*Requirement*
From the first line to the last, please reproduce the material exactly, skipping the pictures.

*Given data*
[Start of section]

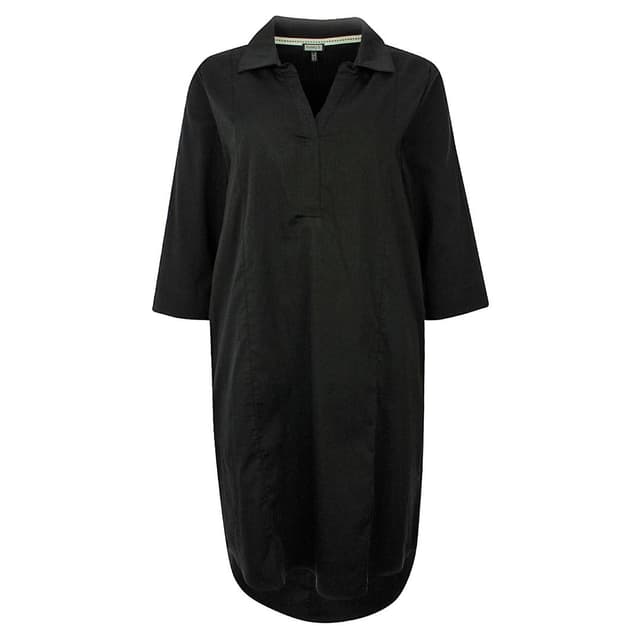 Платье Kenny S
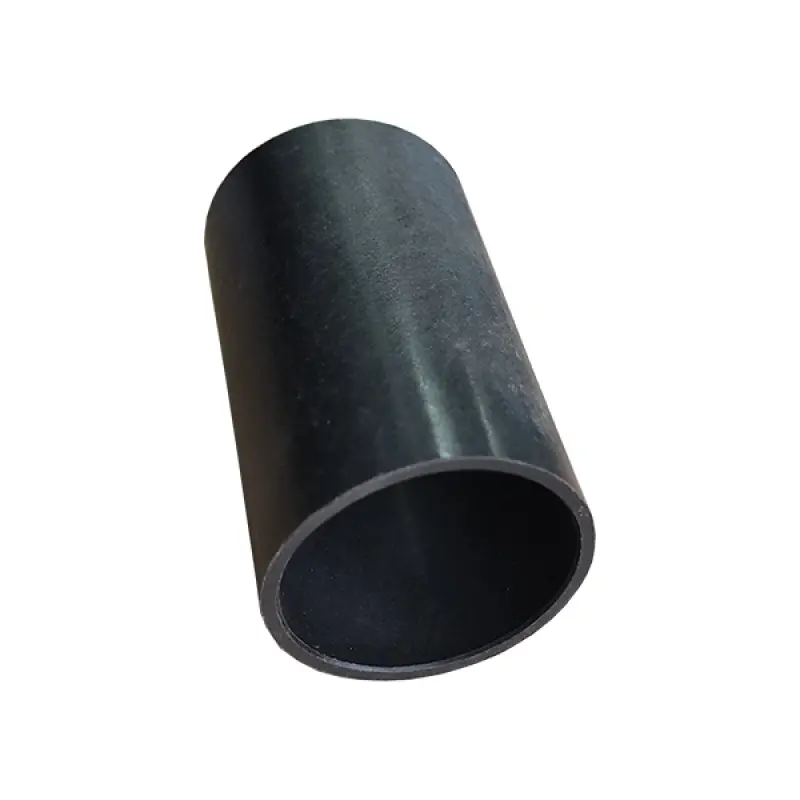 31710081 Rękaw 32x36x63 plastik Lemken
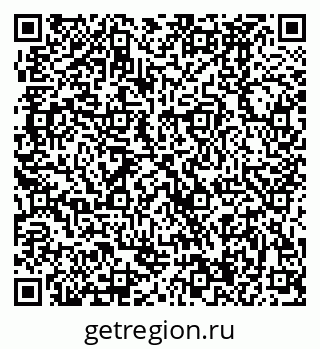 79370484606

[End of section]

*Task answer*
 Платье Kenny S
 31710081 Rękaw 32x36x63 plastik Lemken
 79370484606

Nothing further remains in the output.